§ **Data provided**:
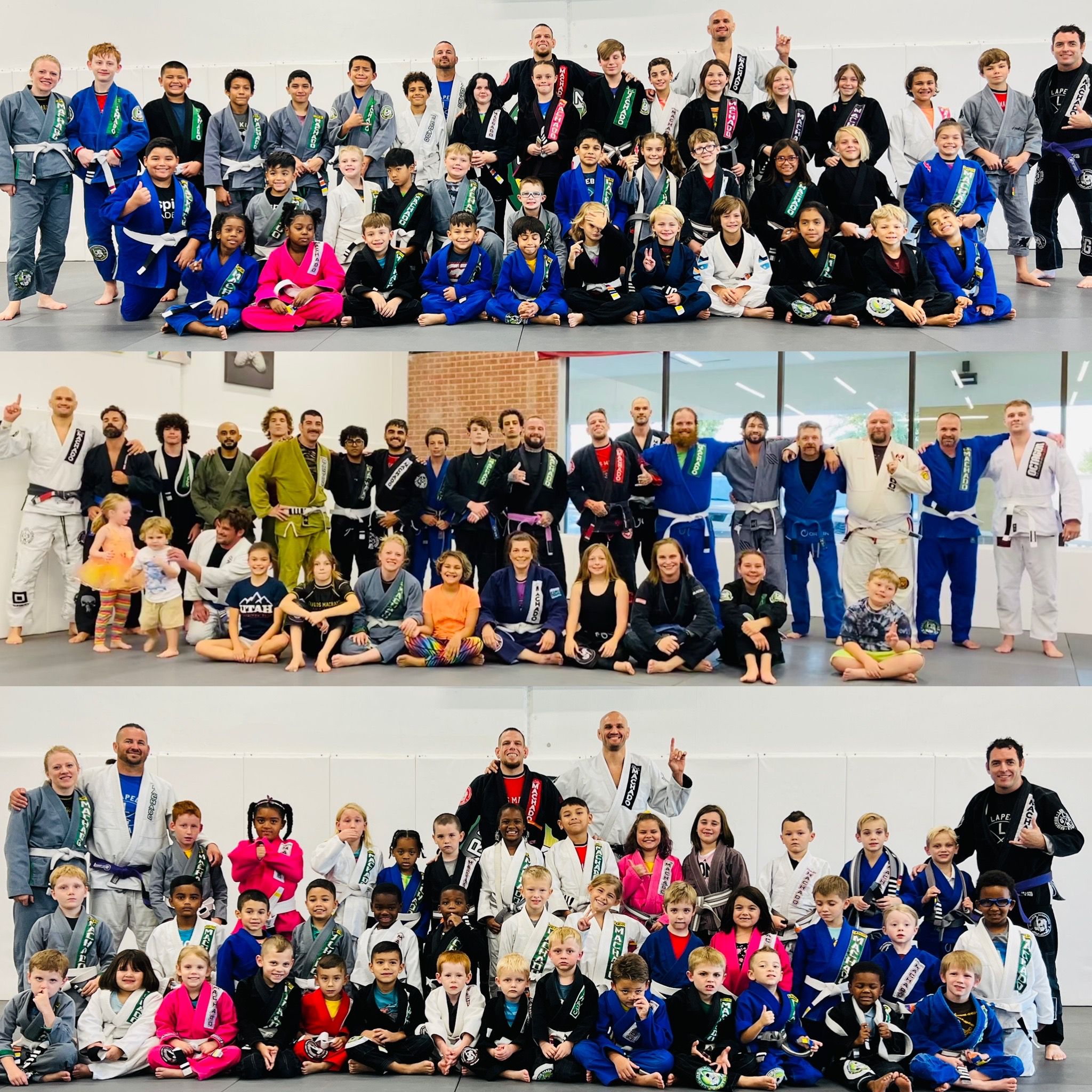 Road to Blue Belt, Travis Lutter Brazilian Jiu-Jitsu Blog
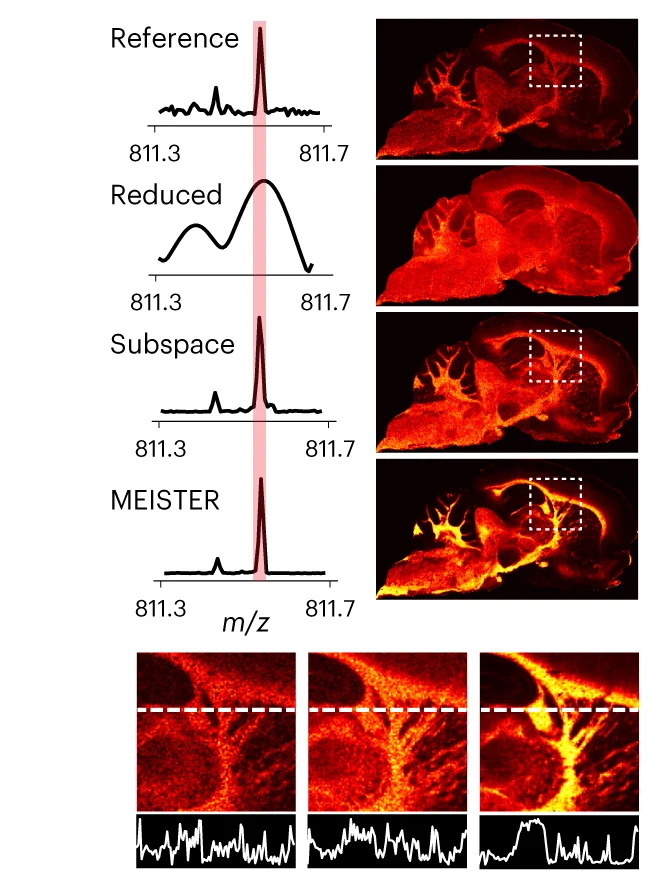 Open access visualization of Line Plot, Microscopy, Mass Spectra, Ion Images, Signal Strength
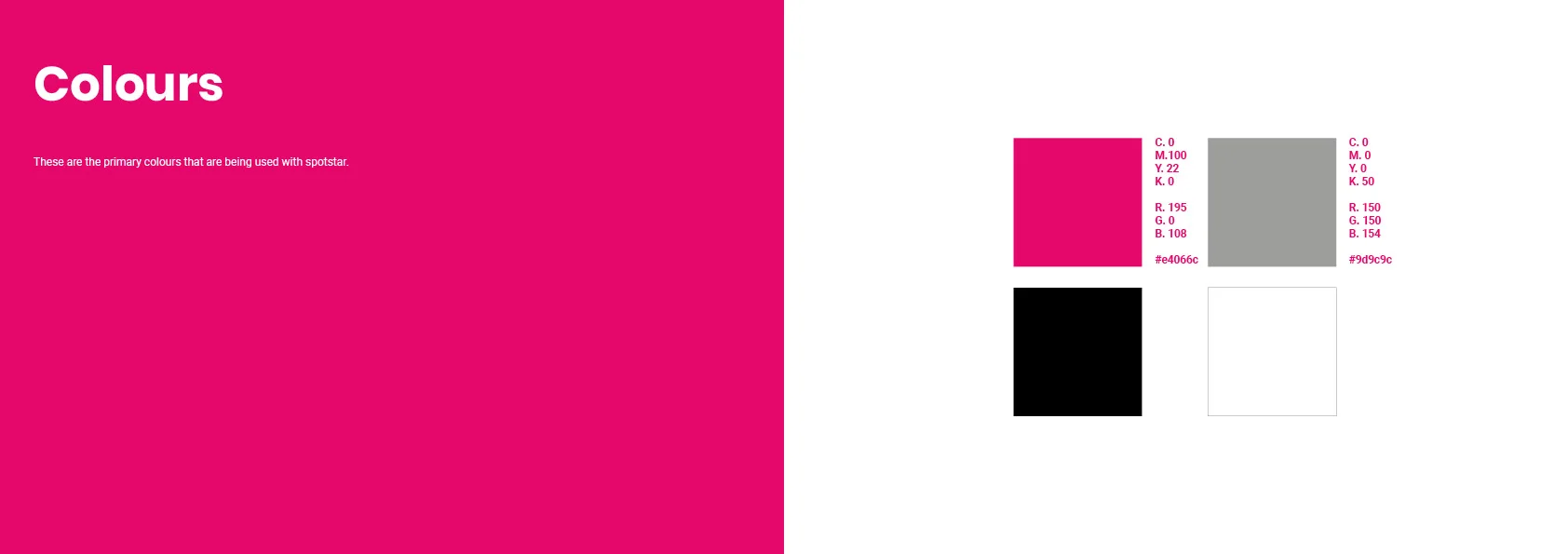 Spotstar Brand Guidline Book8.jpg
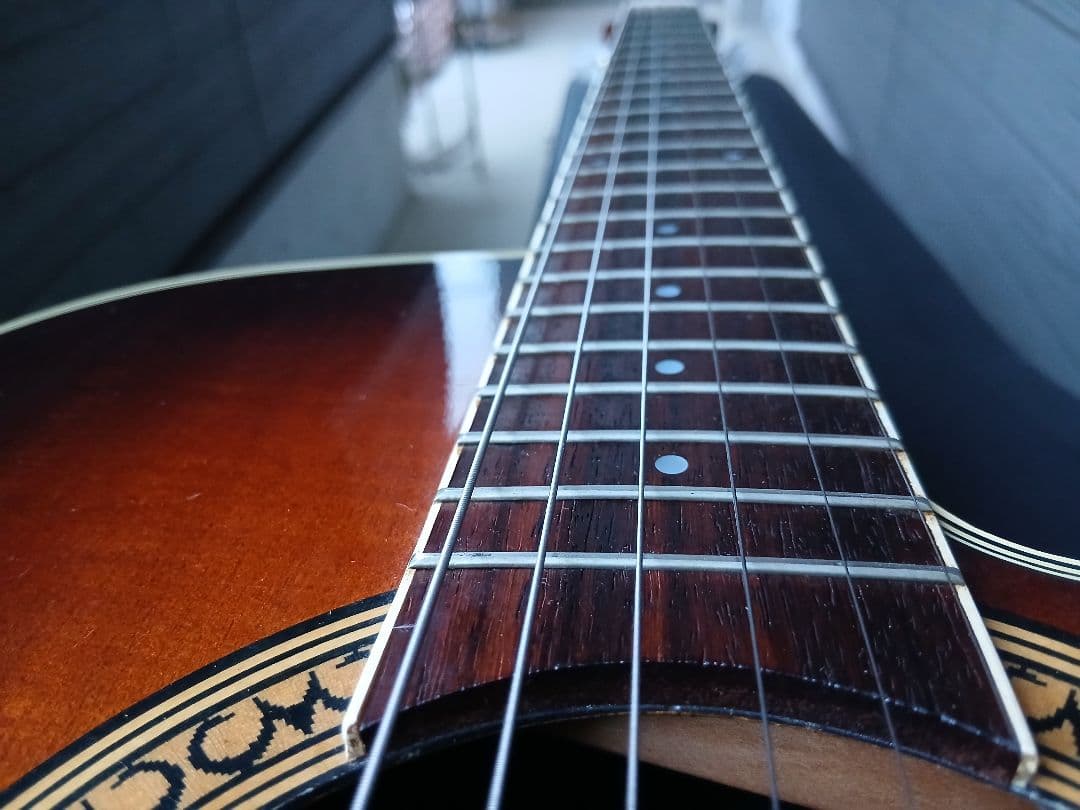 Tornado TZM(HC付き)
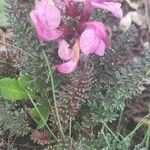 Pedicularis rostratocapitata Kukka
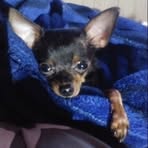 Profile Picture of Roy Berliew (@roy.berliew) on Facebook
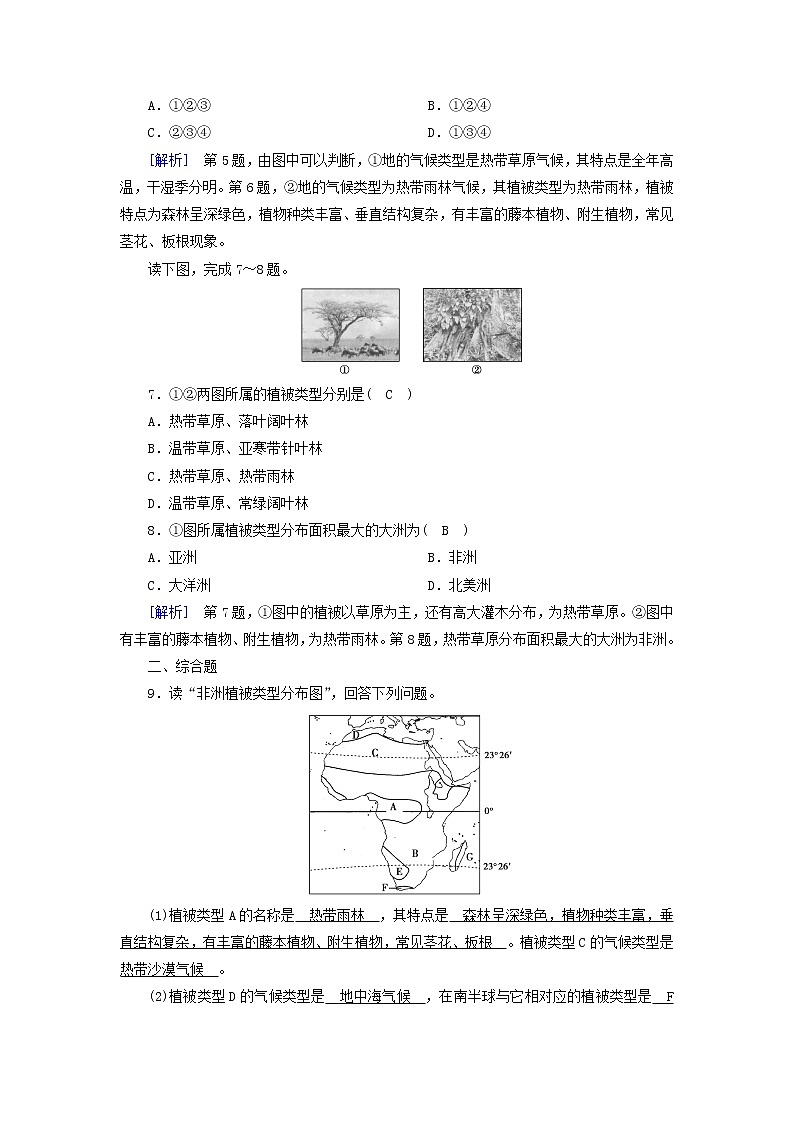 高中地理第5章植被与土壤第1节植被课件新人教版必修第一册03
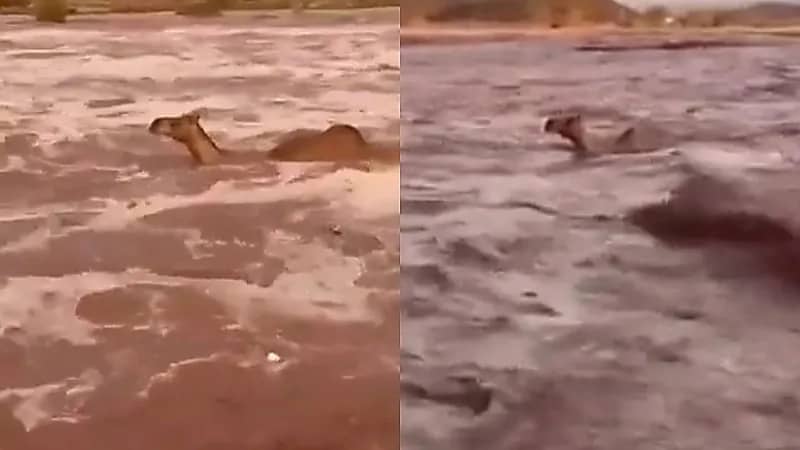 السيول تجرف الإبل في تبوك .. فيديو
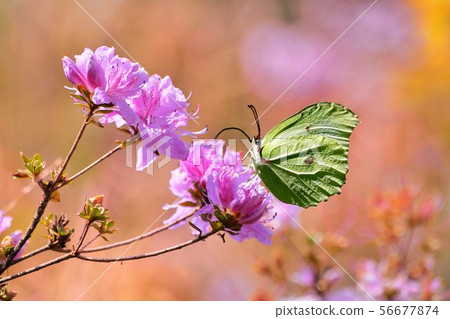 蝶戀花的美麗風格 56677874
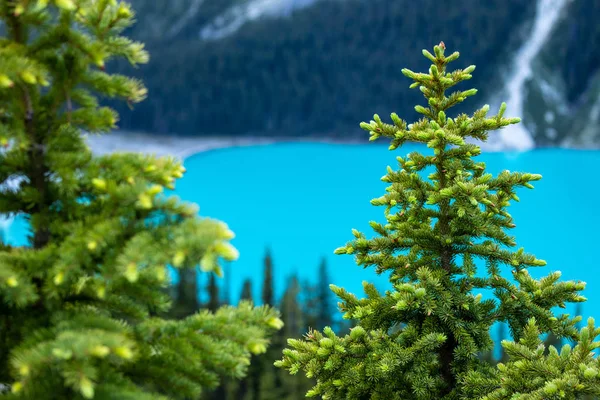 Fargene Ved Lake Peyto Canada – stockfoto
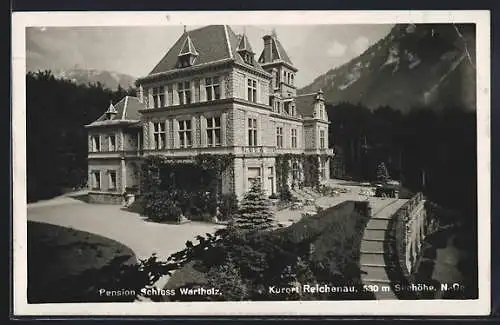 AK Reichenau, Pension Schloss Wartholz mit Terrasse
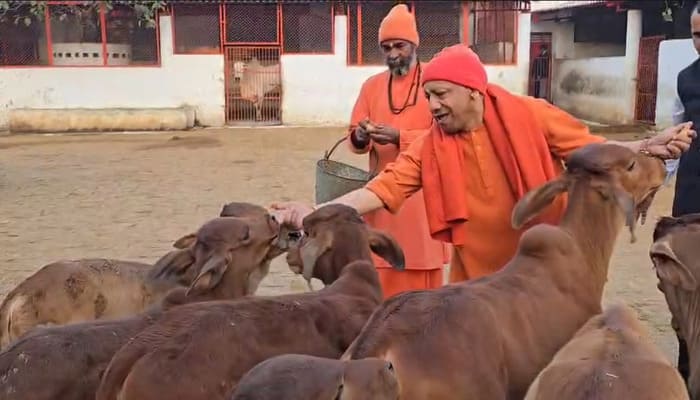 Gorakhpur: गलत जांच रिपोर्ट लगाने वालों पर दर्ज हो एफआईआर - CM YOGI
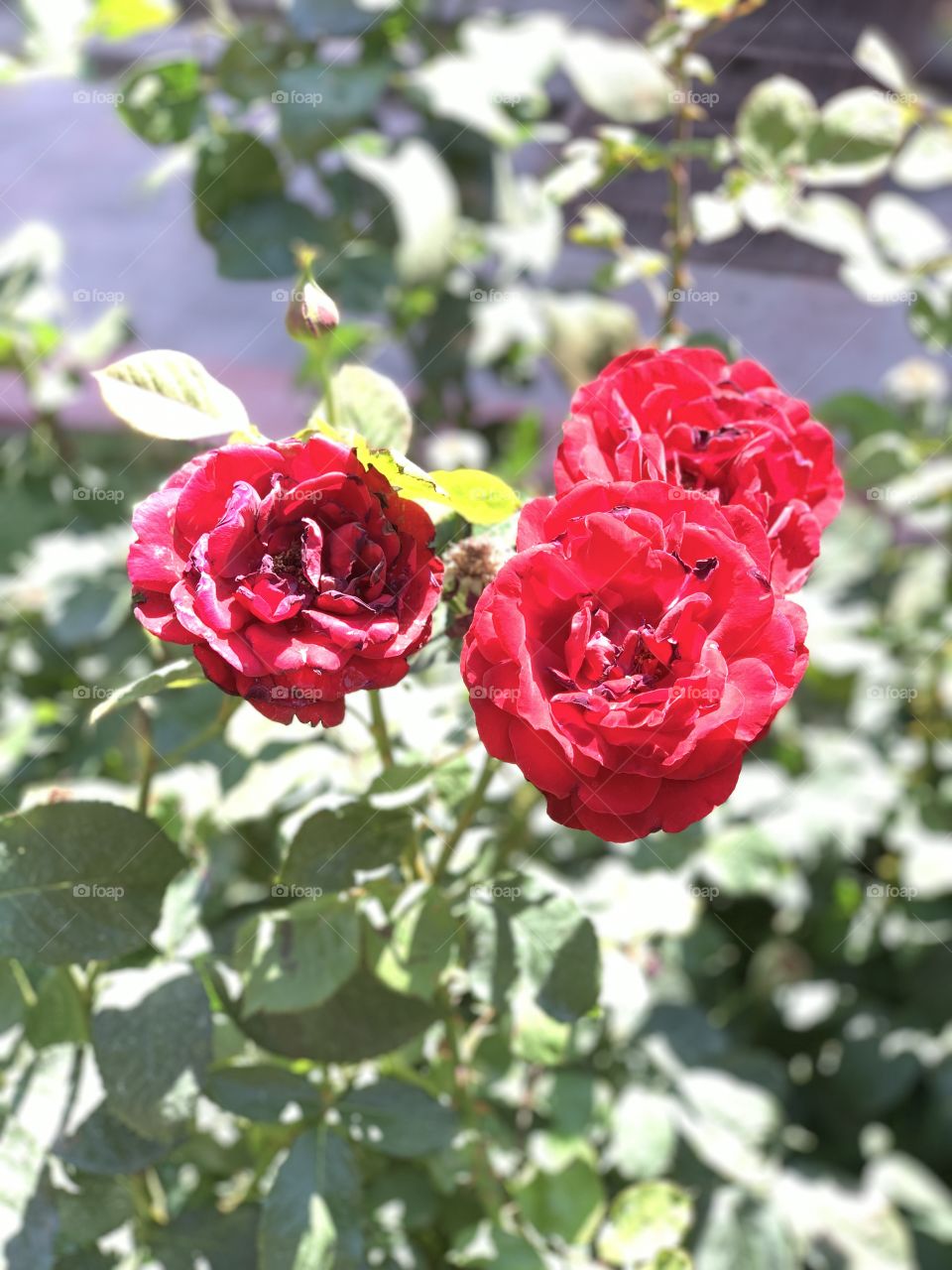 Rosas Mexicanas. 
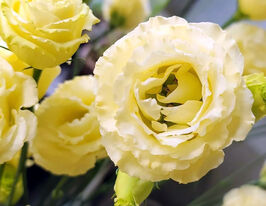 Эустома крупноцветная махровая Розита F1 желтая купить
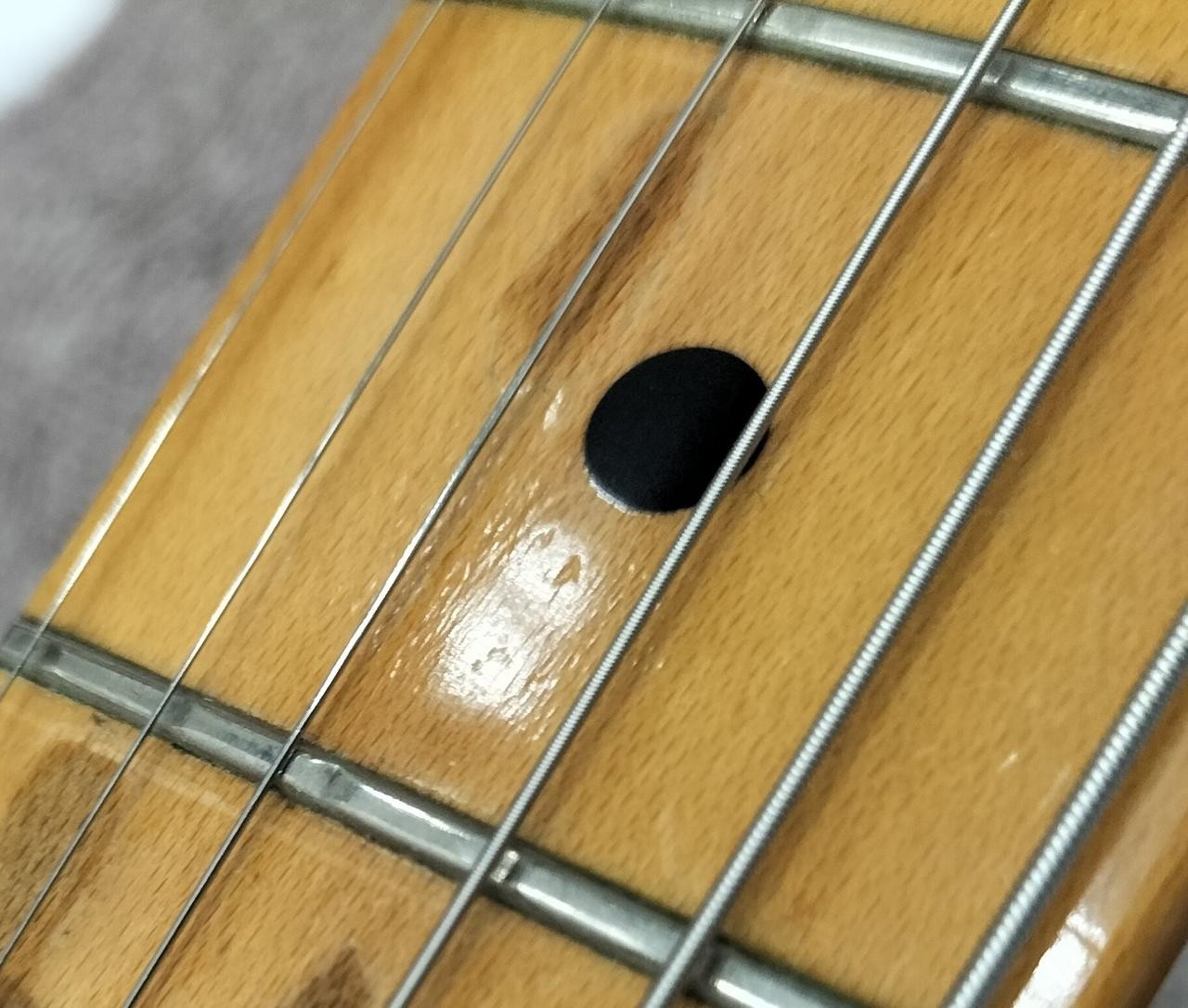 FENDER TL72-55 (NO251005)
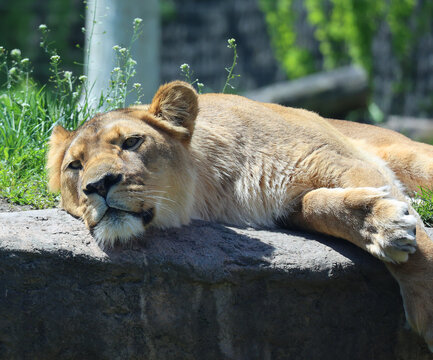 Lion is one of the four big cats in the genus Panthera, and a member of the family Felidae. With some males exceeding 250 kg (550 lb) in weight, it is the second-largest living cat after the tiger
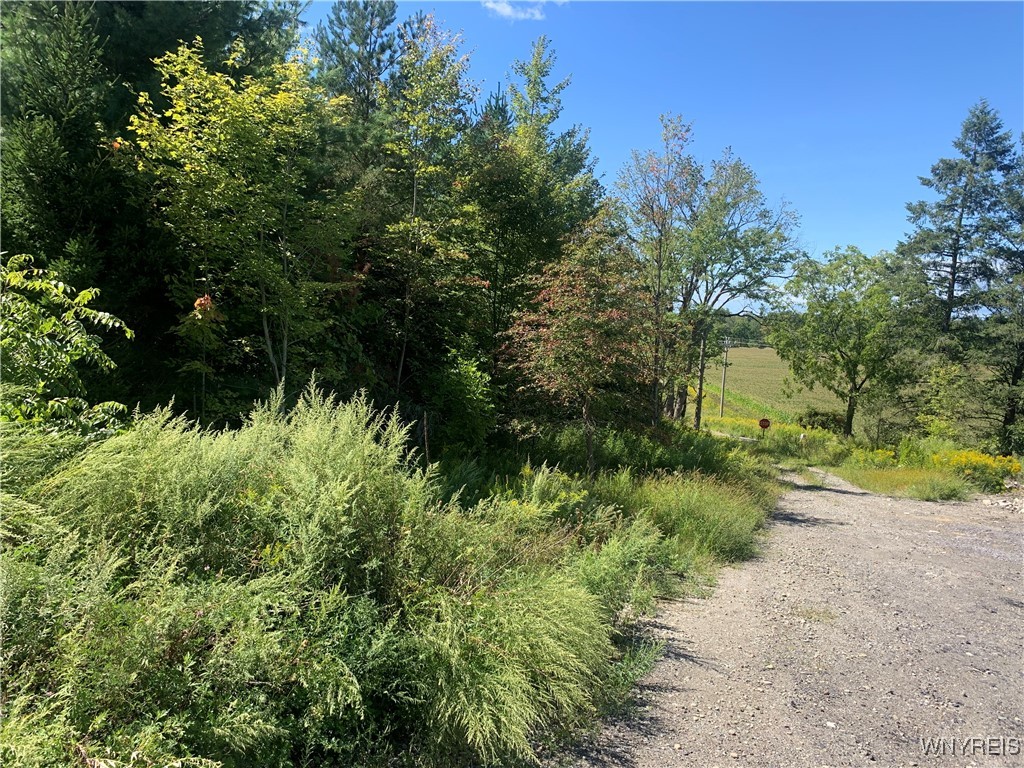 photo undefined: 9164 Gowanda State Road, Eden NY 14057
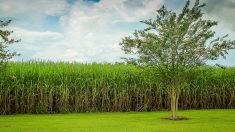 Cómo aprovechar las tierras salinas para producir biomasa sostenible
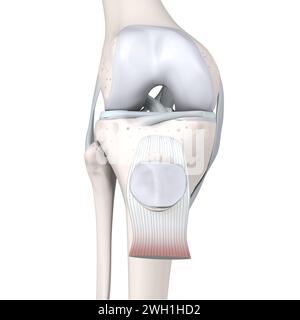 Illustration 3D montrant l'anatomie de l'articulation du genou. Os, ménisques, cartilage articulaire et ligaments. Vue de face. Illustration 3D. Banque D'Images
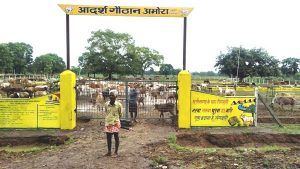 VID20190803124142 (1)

§ **Goal of the exercise**: Restate word for word, please, the line containing "高中地理第5章植被与土壤第1节植被课件新人教版必修第一册03" and all lines after it through the end of the material; the pictures do not belong in the copy.

§ **Answer space**:
 高中地理第5章植被与土壤第1节植被课件新人教版必修第一册03
 السيول تجرف الإبل في تبوك .. فيديو
 蝶戀花的美麗風格 56677874
 Fargene Ved Lake Peyto Canada – stockfoto
 AK Reichenau, Pension Schloss Wartholz mit Terrasse
 Gorakhpur: गलत जांच रिपोर्ट लगाने वालों पर दर्ज हो एफआईआर - CM YOGI
 Rosas Mexicanas. 
 Эустома крупноцветная махровая Розита F1 желтая купить
 FENDER TL72-55 (NO251005)
 Lion is one of the four big cats in the genus Panthera, and a member of the family Felidae. With some males exceeding 250 kg (550 lb) in weight, it is the second-largest living cat after the tiger
 photo undefined: 9164 Gowanda State Road, Eden NY 14057
 Cómo aprovechar las tierras salinas para producir biomasa sostenible
 Illustration 3D montrant l'anatomie de l'articulation du genou. Os, ménisques, cartilage articulaire et ligaments. Vue de face. Illustration 3D. Banque D'Images
 VID20190803124142 (1)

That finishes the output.